# PROBLEM DETAILS
Each line below from the line with "trendy vans long sleeve crop top" to the line with "San Zu Ru Ding" must be copied exactly, including those two, and no picture may appear in the copy.
RECORD SET START
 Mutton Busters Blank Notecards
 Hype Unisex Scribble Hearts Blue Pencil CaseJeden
RECORD SET END
RECORD SET START
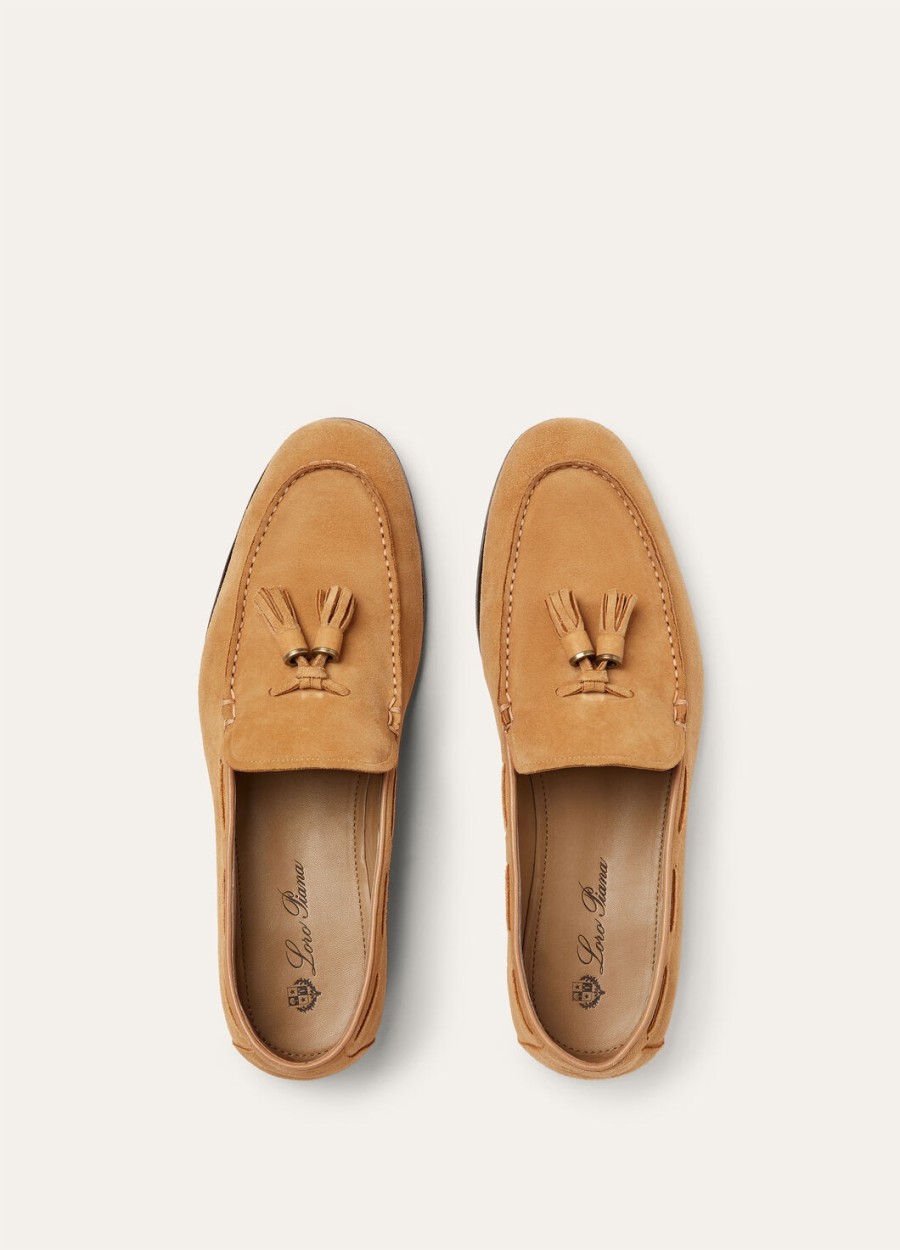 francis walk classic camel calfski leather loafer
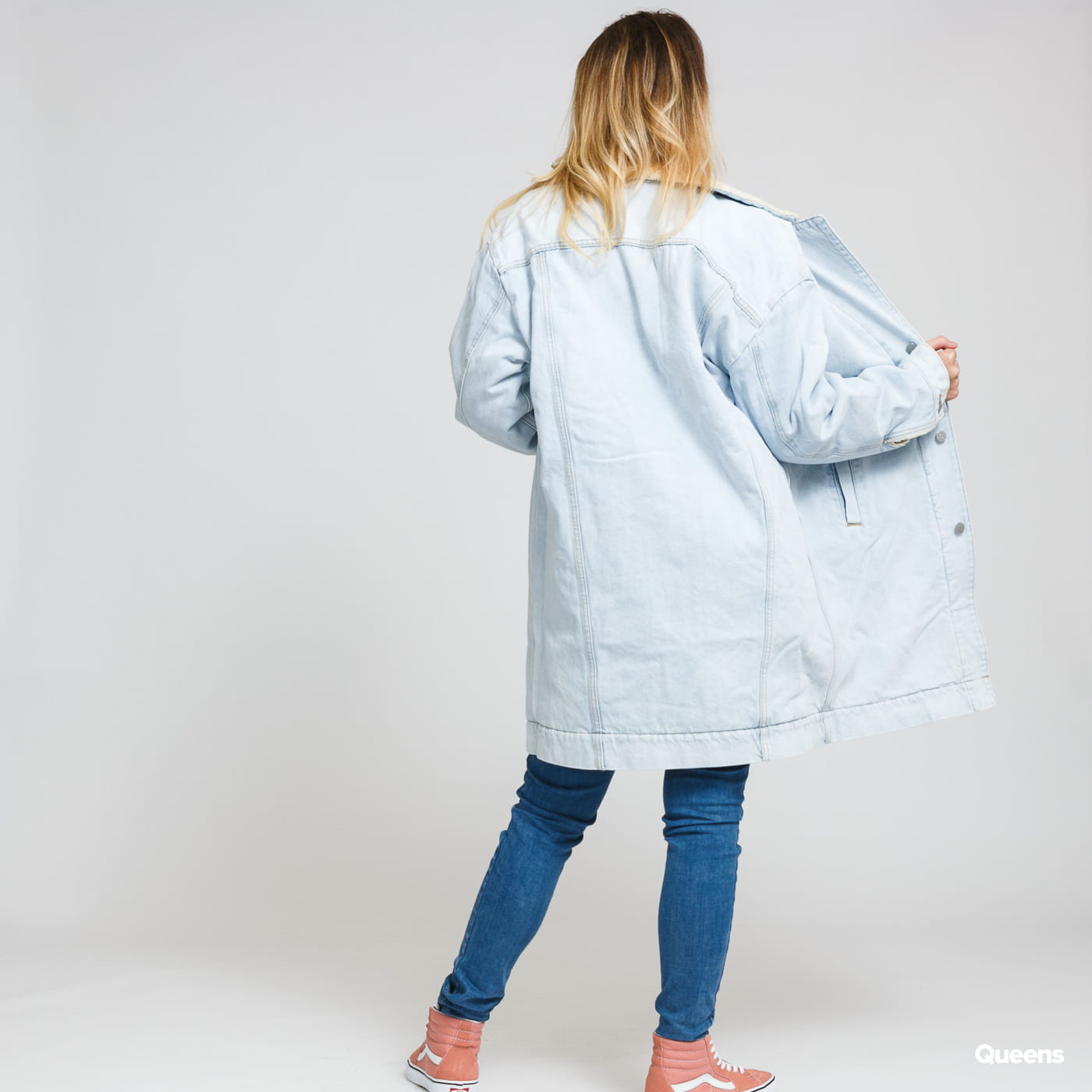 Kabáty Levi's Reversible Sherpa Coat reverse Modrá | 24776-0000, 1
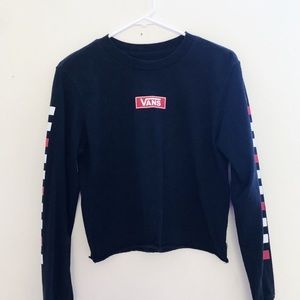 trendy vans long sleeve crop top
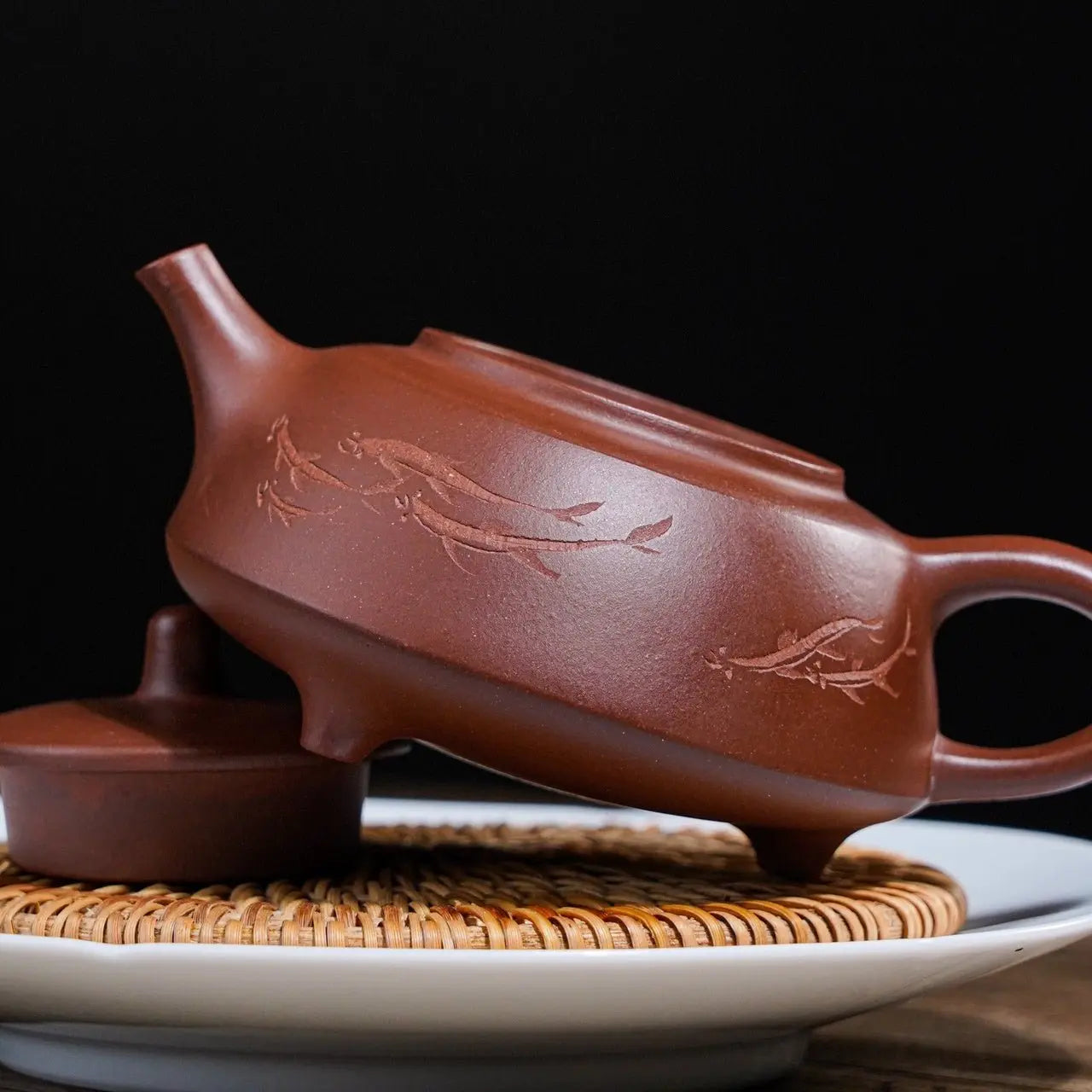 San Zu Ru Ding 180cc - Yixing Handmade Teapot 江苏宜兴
RECORD SET END
# WRITTEN ANSWER
 trendy vans long sleeve crop top
 San Zu Ru Ding 180cc - Yixing Handmade Teapot 江苏宜兴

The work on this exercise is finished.